## [What is required]
Reproduce exactly, and solely, the lines running from the top of the data below through the line with "So we have 90, 40, and", both inclusive. Omit pictures.

## [Records shown]
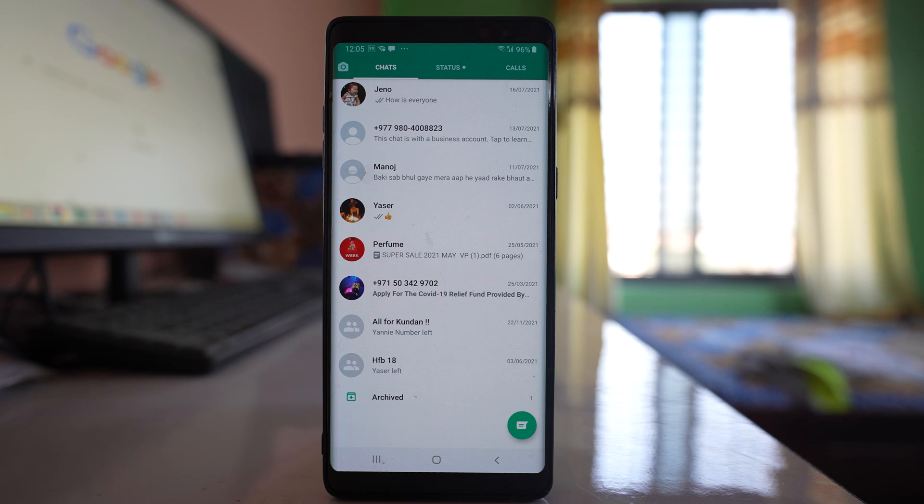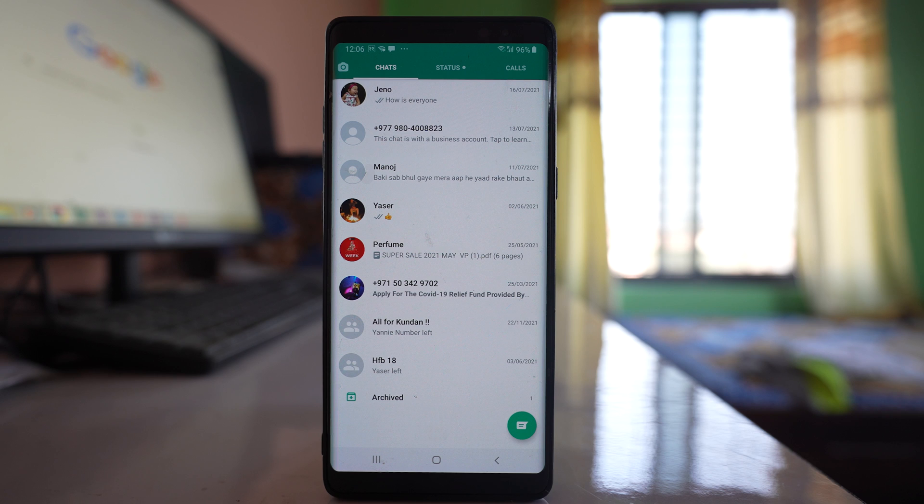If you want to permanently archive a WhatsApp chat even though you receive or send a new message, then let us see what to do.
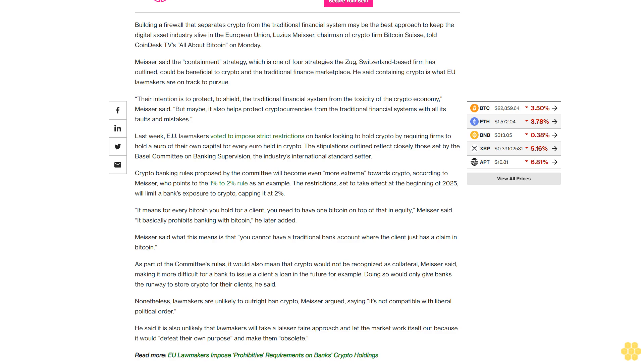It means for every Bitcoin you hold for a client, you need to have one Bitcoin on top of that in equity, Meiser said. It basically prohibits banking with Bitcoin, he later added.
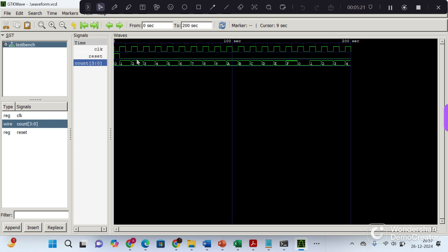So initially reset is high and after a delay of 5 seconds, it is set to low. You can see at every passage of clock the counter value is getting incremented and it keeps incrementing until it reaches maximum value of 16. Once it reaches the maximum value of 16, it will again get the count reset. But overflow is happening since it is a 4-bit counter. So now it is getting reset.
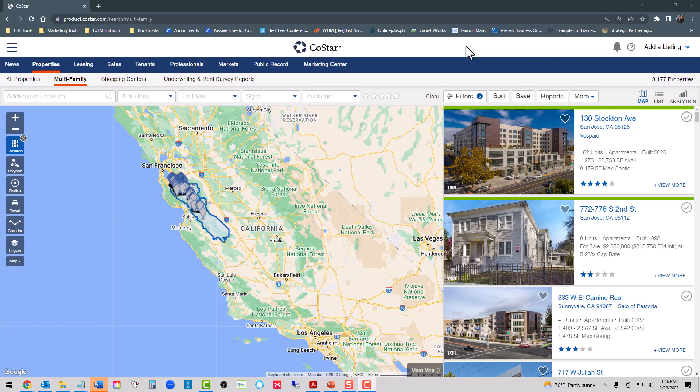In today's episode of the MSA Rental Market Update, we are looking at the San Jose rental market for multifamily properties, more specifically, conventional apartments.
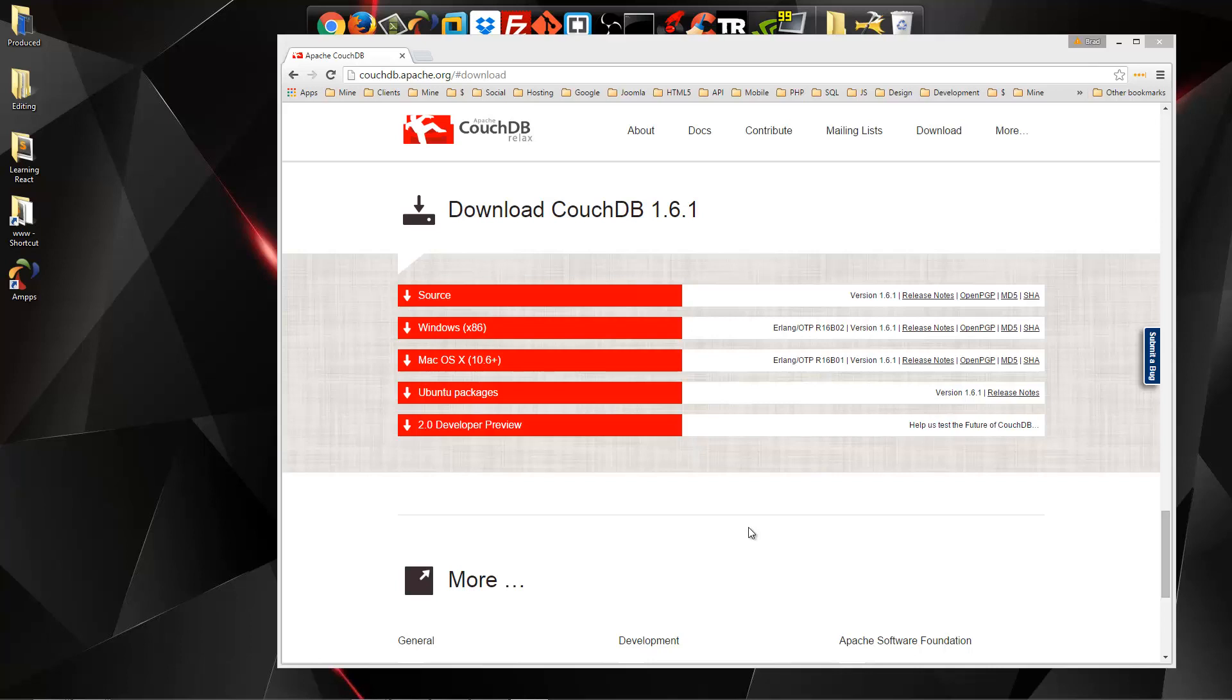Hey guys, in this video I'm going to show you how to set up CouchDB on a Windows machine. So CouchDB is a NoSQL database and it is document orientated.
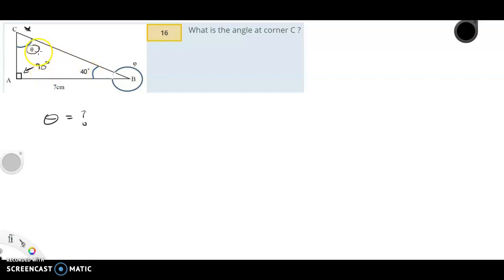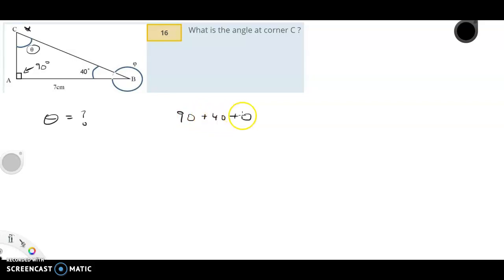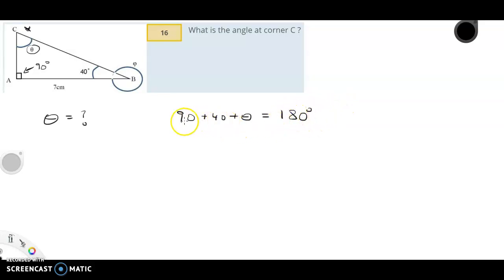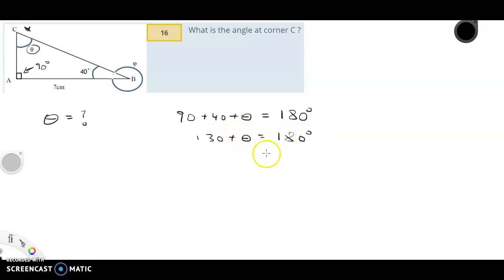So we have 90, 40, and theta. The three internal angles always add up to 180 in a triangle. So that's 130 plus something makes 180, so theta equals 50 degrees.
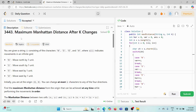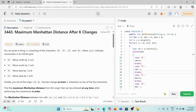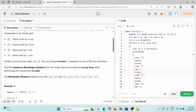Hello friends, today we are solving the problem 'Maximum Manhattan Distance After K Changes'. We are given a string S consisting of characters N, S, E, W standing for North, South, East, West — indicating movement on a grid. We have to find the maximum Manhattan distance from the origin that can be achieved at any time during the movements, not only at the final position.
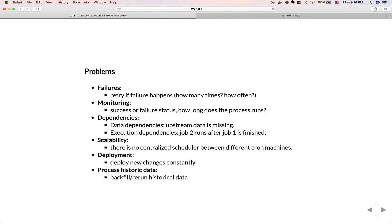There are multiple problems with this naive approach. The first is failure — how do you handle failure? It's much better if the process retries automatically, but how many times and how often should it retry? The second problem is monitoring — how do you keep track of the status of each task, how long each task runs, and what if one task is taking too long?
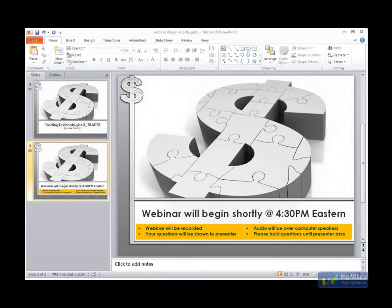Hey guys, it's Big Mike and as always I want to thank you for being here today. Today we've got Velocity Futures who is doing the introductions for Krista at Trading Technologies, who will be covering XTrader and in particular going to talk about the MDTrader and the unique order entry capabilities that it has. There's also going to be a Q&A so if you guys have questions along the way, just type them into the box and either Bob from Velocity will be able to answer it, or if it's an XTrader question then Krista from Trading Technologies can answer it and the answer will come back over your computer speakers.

## [Answer section]
If you want to permanently archive a WhatsApp chat even though you receive or send a new message, then let us see what to do.
It means for every Bitcoin you hold for a client, you need to have one Bitcoin on top of that in equity, Meiser said. It basically prohibits banking with Bitcoin, he later added.
So initially reset is high and after a delay of 5 seconds, it is set to low. You can see at every passage of clock the counter value is getting incremented and it keeps incrementing until it reaches maximum value of 16. Once it reaches the maximum value of 16, it will again get the count reset. But overflow is happening since it is a 4-bit counter. So now it is getting reset.
In today's episode of the MSA Rental Market Update, we are looking at the San Jose rental market for multifamily properties, more specifically, conventional apartments.
Hey guys, in this video I'm going to show you how to set up CouchDB on a Windows machine. So CouchDB is a NoSQL database and it is document orientated.
So we have 90, 40, and theta. The three internal angles always add up to 180 in a triangle. So that's 130 plus something makes 180, so theta equals 50 degrees.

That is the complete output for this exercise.